Approximate Nearest Neighbor Search (ANN)¶

Approximate Nearest Neighbor (ANN) is the core technology of vector databases. By building index structures, it significantly improves search speed within "acceptable precision loss range".

flowchart LR
    subgraph Exact vs Approximate
        A[Exact Search] -->|100% accurate| B["Time: O(N)
 unusable when N=1 billion"]
        C[Approximate Search] -->|99% accurate| D["Time: O(log N)
millisecond response"]
    end

    style A fill:#ffccbc
    style C fill:#c8e6c9
    style B fill:#ffccbc
    style D fill:#c8e6c9

Mainstream Index Algorithms¶

1. HNSW (Hierarchical Navigable Small World)¶

HNSW (Hierarchical Navigable Small World) is currently the most popular high-performance vector index algorithm.
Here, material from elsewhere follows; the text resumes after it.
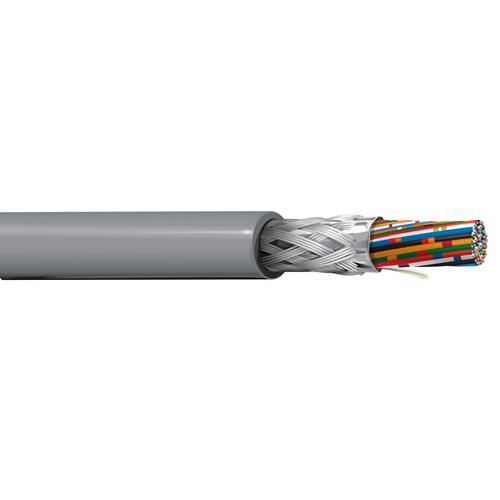 Belden 9619 24 AWG 50 Conductor 7x32 Stranding Tinned Copper 300V Computer EIA RS-232 Cable
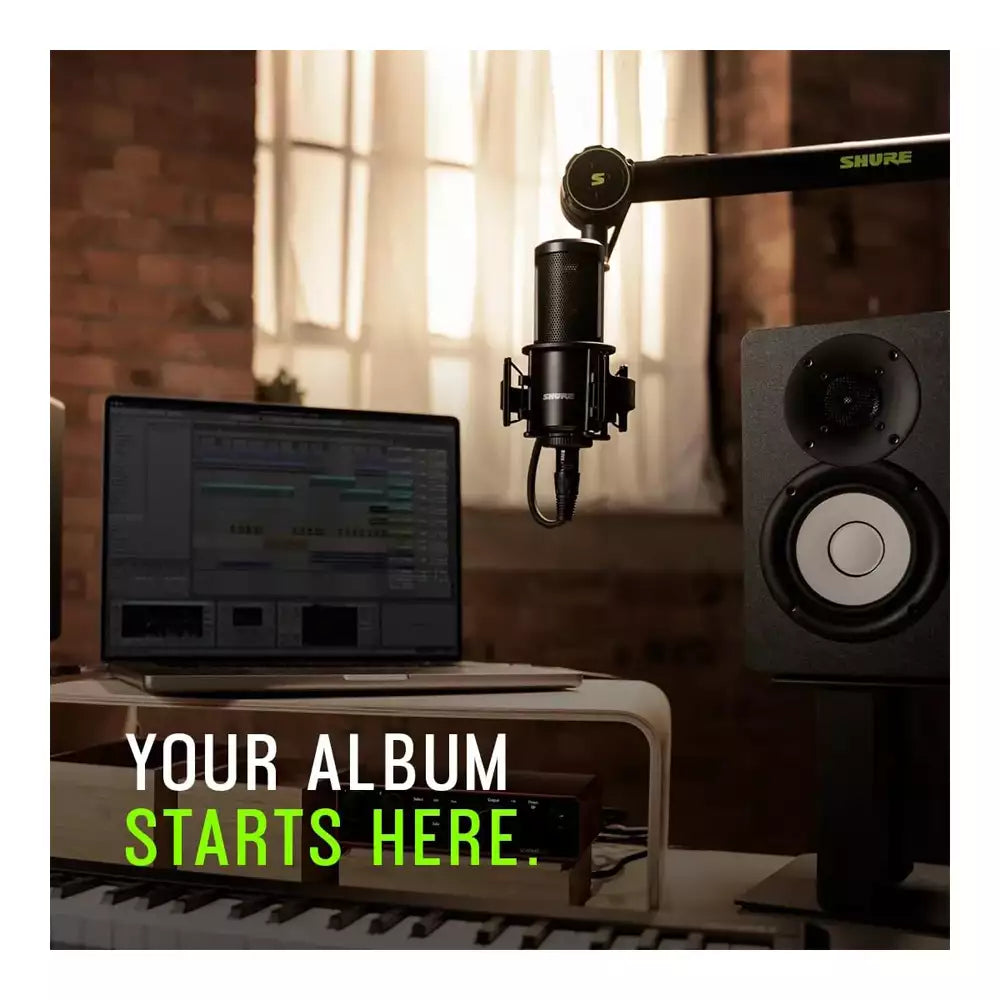 (Pre-Owned, Excellent) Shure SM4 Studio Recording Microphone Kit, XLR Home Studio Condenser Mic with Mix-Ready Audio (Black) (6 Months Warranty)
Core Ideas: 1. Build a multi-layer graph structure with sparse upper layers and dense lower layers 2. During query, start from the uppermost layer and quickly locate through "greedy search" 3. Use "small world" characteristics to ensure short search paths

HNSW Index Structure:

graph TB
    subgraph Layer 2 [L2 Layer - Top Navigation]
        L2_1(( )) --> L2_2(( ))
        L2_2(( )) --> L2_3(( ))
        L2_3(( )) --> L2_1(( ))
    end

    subgraph Layer 1 [L1 Layer - Middle]
        L1_1(( )) --> L1_2(( ))
        L1_2(( )) --> L1_3(( ))
        L1_3(( )) --> L1_4(( ))
        L1_4(( )) --> L1_1(( ))
        L1_2(( )) --> L1_5(( ))
    end

    subgraph Layer 0 [L0 Layer - Bottom Data]
        L0_1(( )) --> L0_2(( ))
        L0_2(( )) --> L0_3(( ))
        L0_3(( )) --> L0_4(( ))
        L0_4(( )) --> L0_5(( ))
        L0_5(( )) --> L0_6(( ))
        L0_6(( )) --> L0_7(( ))
        L0_7(( )) --> L0_8(( ))
        L0_1(( )) --> L0_4(( ))
        L0_3(( )) --> L0_6(( ))
        L0_5(( )) --> L0_8(( ))
    end

    subgraph Query Path
        Q((Query)) -->|1. Enter L2| L2_2
        L2_2 -->|2. Descend to L1| L1_3
        L1_3 -->|3. Descend to L0| L0_4
        L0_4 -->|4. Local search| L0_5
    end

    style L2_1 fill:#90caf9
    style L2_2 fill:#90caf9
    style L2_3 fill:#90caf9

    style Q fill:#ff5722,color:#fff

HNSW Search Process Example:

# HNSW search pseudocode
def hnsw_search(query_vector, index, top_k=10):
    # 1. Start from the highest layer
    current_layer = index.max_layer

    # 2. Greedy search in current layer, find the nearest entry point
    entry_point = index.get_entry_point(current_layer)
    while current_layer > 0:
        neighbors = index.get_neighbors(entry_point, current_layer)
        best_next = find_nearest(query_vector, neighbors)
        if distance(query_vector, best_next) < distance(query_vector, entry_point):
            entry_point = best_next
        current_layer -= 1

    # 3. Fine search at the bottom layer
    results = layer0_search(query_vector, entry_point, top_k)
    return results

HNSW Parameter Description:

Parameter	Description	Recommended Value
M	Maximum connections per node	16-64
efConstruction	Dynamic list size during construction	100-400
efSearch	Dynamic list size during search	100-500
max_level	Maximum number of layers	log(N)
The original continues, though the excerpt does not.